The Ocean in the Sap Bucket
While I was collecting sap on Friday, this section from Neil Gaiman's The Ocean at the End of the Lane came to mind. The sap was absolutely beautiful, with a greenish-blue hue the color of the ocean (the picture below doesn’t quite capture it, but you get the idea). And, in staring into it, I got this sense of calm and wisdom, not necessarily my own, but contained by the sap, a collective calm and wisdom of the trees perhaps.
I’ve never thought of sap as the ocean until carrying those buckets of sap. And, I highly doubt Gaiman was thinking of maple sap when he was writing this, but the parallels between what he wrote and my experience with the sap are unmistakable. Here are a few relevant excerpts:
“When Lettie arrive, the real Lettie, this time, she was carrying a bucket of water. It must have been heavy judging from the way she carried it …
‘Sorry,’ she said. ‘That took longer than I expected. It didn’t want to cooperate, neither, and in the end it took me and Gran to do it, and she did most of the heavy lifting …
‘What?’ I asked. ‘What are you talking about?’
She put the metal bucket down on the grass beside me without spilling a drop. ‘The ocean,’ she said. ‘It didn’t want to go. It gave Gran such a struggle that she said she was going to have to go and have a lie-down afterwards. But we still got it into the bucket in the end.’

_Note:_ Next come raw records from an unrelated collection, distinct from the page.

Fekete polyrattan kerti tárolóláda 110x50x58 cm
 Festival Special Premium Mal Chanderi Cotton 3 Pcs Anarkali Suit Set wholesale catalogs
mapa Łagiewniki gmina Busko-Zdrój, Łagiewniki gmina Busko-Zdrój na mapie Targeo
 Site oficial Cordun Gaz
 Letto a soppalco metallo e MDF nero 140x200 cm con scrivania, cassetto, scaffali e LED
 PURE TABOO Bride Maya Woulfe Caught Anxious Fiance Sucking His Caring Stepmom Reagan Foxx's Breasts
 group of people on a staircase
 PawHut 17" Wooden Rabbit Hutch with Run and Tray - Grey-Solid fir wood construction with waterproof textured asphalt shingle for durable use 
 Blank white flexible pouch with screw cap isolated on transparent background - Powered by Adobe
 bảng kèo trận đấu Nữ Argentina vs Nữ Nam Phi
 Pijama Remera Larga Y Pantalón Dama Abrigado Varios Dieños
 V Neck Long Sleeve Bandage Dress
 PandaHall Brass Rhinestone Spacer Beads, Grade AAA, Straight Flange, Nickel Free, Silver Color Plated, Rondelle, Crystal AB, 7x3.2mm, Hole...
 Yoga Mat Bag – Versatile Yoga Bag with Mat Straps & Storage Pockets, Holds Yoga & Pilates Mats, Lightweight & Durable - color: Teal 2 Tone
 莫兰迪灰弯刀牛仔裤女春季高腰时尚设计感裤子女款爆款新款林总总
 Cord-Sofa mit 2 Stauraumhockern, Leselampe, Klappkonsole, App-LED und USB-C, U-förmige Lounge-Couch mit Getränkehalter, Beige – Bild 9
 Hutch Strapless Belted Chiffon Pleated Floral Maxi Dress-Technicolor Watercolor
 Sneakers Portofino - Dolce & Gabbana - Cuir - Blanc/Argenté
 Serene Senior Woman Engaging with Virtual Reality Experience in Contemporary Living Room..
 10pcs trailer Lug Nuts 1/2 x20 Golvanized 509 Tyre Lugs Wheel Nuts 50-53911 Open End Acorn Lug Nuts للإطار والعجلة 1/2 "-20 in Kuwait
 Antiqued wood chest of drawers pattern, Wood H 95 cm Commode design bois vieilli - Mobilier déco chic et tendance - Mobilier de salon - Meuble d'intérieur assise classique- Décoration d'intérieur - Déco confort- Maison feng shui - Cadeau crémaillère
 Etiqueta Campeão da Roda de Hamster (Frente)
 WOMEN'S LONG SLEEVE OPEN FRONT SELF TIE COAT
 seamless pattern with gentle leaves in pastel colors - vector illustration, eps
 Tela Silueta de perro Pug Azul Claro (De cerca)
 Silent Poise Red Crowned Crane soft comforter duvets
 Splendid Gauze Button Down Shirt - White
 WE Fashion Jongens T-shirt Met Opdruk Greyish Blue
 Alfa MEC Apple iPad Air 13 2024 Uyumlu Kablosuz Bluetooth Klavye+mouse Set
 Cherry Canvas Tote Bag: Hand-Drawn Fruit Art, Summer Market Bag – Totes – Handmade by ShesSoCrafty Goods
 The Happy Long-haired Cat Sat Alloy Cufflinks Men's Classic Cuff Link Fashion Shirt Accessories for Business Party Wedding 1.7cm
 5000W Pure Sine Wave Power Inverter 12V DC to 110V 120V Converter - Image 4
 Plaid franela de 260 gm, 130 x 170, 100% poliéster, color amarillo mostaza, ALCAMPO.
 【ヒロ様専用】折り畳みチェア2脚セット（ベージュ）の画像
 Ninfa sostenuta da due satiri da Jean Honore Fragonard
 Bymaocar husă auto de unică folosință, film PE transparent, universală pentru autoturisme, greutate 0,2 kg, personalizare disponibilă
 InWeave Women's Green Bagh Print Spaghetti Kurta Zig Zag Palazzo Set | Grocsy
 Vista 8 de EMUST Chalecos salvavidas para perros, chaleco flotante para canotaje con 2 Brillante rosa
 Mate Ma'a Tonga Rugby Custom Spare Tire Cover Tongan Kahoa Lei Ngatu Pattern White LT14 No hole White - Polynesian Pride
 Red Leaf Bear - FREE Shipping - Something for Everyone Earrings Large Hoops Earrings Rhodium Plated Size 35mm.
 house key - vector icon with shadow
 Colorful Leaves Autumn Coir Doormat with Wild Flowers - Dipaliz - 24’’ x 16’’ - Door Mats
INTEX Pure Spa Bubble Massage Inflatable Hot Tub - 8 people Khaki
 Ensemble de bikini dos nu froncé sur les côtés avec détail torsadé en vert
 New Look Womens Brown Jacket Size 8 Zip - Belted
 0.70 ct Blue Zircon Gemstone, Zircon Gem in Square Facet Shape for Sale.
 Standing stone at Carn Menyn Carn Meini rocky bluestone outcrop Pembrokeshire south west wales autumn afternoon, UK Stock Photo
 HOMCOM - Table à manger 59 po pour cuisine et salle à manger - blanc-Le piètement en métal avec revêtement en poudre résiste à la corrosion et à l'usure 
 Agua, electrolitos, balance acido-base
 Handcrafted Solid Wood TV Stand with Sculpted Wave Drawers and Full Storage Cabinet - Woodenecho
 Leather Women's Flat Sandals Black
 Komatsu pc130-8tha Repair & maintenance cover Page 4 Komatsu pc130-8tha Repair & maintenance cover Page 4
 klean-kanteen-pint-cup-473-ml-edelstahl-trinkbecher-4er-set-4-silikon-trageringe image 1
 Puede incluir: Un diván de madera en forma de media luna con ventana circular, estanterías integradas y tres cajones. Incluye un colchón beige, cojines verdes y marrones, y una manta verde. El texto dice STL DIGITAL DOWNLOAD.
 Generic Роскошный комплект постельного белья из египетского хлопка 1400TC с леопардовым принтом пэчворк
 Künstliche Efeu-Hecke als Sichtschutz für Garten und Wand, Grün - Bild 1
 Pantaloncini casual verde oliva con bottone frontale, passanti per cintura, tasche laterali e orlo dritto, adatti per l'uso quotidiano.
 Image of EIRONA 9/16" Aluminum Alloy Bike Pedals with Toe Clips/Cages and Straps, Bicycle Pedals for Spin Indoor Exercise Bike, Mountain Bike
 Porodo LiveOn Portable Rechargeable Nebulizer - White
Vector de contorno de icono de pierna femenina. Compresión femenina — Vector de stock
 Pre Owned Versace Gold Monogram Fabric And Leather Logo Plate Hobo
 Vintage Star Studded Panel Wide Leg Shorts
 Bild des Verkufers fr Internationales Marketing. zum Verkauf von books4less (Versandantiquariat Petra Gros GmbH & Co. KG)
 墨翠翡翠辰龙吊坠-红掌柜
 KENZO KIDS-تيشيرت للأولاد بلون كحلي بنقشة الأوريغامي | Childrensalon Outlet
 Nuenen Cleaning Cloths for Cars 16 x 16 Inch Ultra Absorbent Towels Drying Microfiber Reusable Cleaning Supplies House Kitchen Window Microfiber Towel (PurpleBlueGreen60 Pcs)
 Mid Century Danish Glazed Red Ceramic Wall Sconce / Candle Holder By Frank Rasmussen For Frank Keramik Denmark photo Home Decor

The water in the bucket was glowing, emitting a greenish-blue light. I could see Lettie’s face by it. I could see the waves and ripples on the surface of the water, watch them crest and splash against the side of the bucket.
‘I don’t understand.’
‘I couldn’t get you to the ocean,’ she said, ‘But there was nothing stopping me bringing the ocean to you.’ …
‘Now,’ she said, ‘you step into the bucket.’ …
The second thing I thought was that I knew everything. Lettie Hempstock's ocean flowed inside me, and it filled the entire universe, from Egg to Rose. I knew that. I knew what Egg was - where the universe began, to the sound of uncreated voices singing in the void - and I know where Rose was - the peculiar crinkling of space on space into dimensions that fold like origami and blossom like strange orchids, and which would mark the last good time before the eventual end of everything and the next Big Bang, which would be, I knew now, nothing of the kind. ...
I saw the world I had walked since my birth and I understood how fragile it was, that the reality I knew was a thin layer of icing on a great dark birthday cake writhing with grubs and nightmares and hunger. I saw the world from above and below. I saw that there were patterns and gates and paths beyond the real. I saw all these things and understood them and they filled me, just as the waters of the ocean filled me."